# Is it chance? Use a T-Test to identify how likely an intervention worked

Topic Infobox | |
---|---|

Linked pages on this wiki | Tools (1), |

*This article is about when and how to do statistical testing with t-tests. For a broader article on statistics, see Statistical testing.*

A frequent problem in personal science is that you tried an intervention and want to see if it worked. But you are unsure whether any differences you observed are maybe just by chance. So how can you see how likely is it that the results were chance? One of the simplest tests is a **T-Test**, sometimes called a “Student T Test”^{[1]}, which provides you with a *p-value* after doing the t-test.

## Background[edit | edit source]

Generally, statisticians use the concept of *p-value*s to discuss how often you would expect to observe the effect you did observe just by chance. A a simplified example, a p-value of 0.05 means that you would randomly observe this effect in 5 out of 100 retries of your intervention just by pure chance. While this crude measure doesn’t describe all the ways something might happen due to chance, generally the lower the p-value, the better.

Professional scientists, especially those who understand statistics, are skeptical of claiming a result based purely on p-values, but for Personal Science purposes, it’s a good start. There is no “*correct”* p-value cutoff that determines whether an effect is not due to chance alone, but traditionally people assume that any p-value that is smaller than 0.05 deserves a closer look and indicates that is probably a '*real*' effect.

## What you need[edit | edit source]

To be able to perform a t-test you need your numerical data which is split into exactly two conditions. Depending on the kind of intervention you did there are two different ways to split your data:

- Grouped (also called 'paired') data, e.g. measurements are taken before and after the intervention, always creating a pair of data. An example of this would be if you regularly measure your blood pressure immediately before drinking a coffee and then take a second measurement after the consumption. This way each time you do the intervention you generates a pair of data.
- Independently sampled data, e.g. when there is no clear before/after. As an example, suppose you would like to know if taking a Melatonin supplement will help you sleep longer. You measure your daily sleep, taking the supplements on some days (the “intervention”) and not on others (“control”). Each night of sleep data now either goes into the
*intervention*or*control*group.

In order to perform a grouped/paired t-test you will need exactly the same amount of observations in both groups to keep the pairing.
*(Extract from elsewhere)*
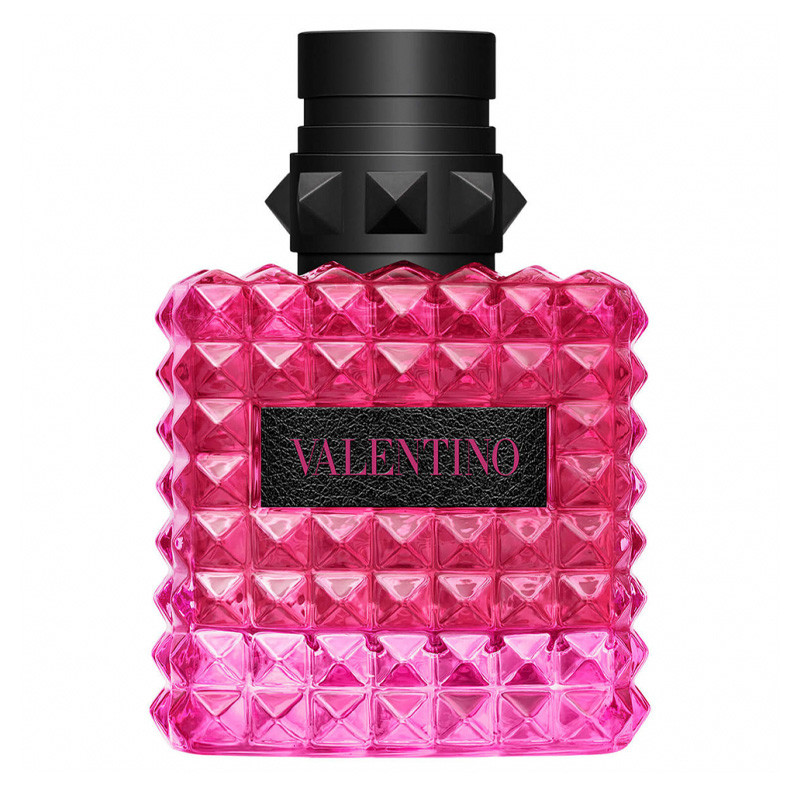 اسانس ولنتینو دونا بیرن این روما (Valentino Donna Born In Roma) اسانس ولنتینو دونا بیرن این روما (Valentino Donna Born In Roma)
For independently sampled data this is not the case, i.e. you still do an independent t-test if you have more observations for interventions than controls (or vice versa).
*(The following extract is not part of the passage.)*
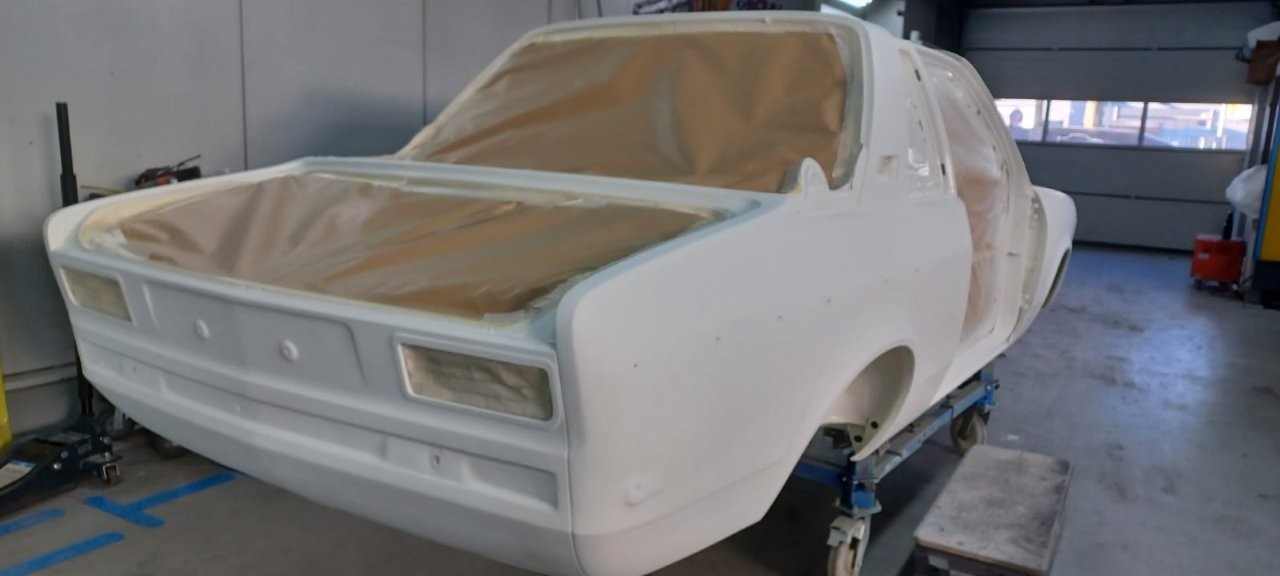 Opel-Kadett-C-Aero-nr-06-399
*Tails* in a t-test[edit | edit source]

To perform a t-test one also needs to decide on whether one wants to perform a *one-tailed* or *two-tailed* test.

Broadly speaking, **a two-tailed t-test is used to evaluate whether there is any difference** between the two groups between the test was performed. When doing a two-tailed test, a small p-value indicates that there is a numerical difference between the groups but it does not indicate which of the two groups has the larger or smaller numerical values (but this can be verified through looking at the averages in each group).

For the ** one-tailed t-test one needs to specify the direction of the difference** that one wants to test for. When doing a one-tailed test, the p-value indicates whether the values of one group are significantly larger (or smaller, dependent on the direction one chose) than for the other group

**but does not give any indication for the alternative**.

As an example, a large p-value when using a one-tailed test to find out whether coffee *lowers* a persons blood pressure does not rule out that the blood pressure after drinking coffee has actually increased. It just means that we know it probably has not lowered. In contrast, if the same data would have been analysed with a two-tailed test and had resulted in a large p-value we would assume that the blood pressure has neither increased nor decreased.

#### One- or two-tailed test? Benefits & drawbacks[edit | edit source]

One- and two-tailed tests have their own benefits and drawbacks: Doing a one-tailed test is more sensitive – e.g. the p-values become low more quickly if there is real effect – than the two-tailed test. This increase in sensitivity comes at the cost of having to specify a clear direction and not being able to find differences which go against the selection of direction. Depending on your question, this might be acceptable or not.

For example, you might only worry whether coffee increases your blood pressure but would not be interested in if coffee might actually decrease your blood pressure. In other cases you might want to know if an intervention has *any* effect, be it positive or negative. In these and cases where you do not have a clear prior expectation using a two-tailed test might be worth even at the cost of some sensitivity.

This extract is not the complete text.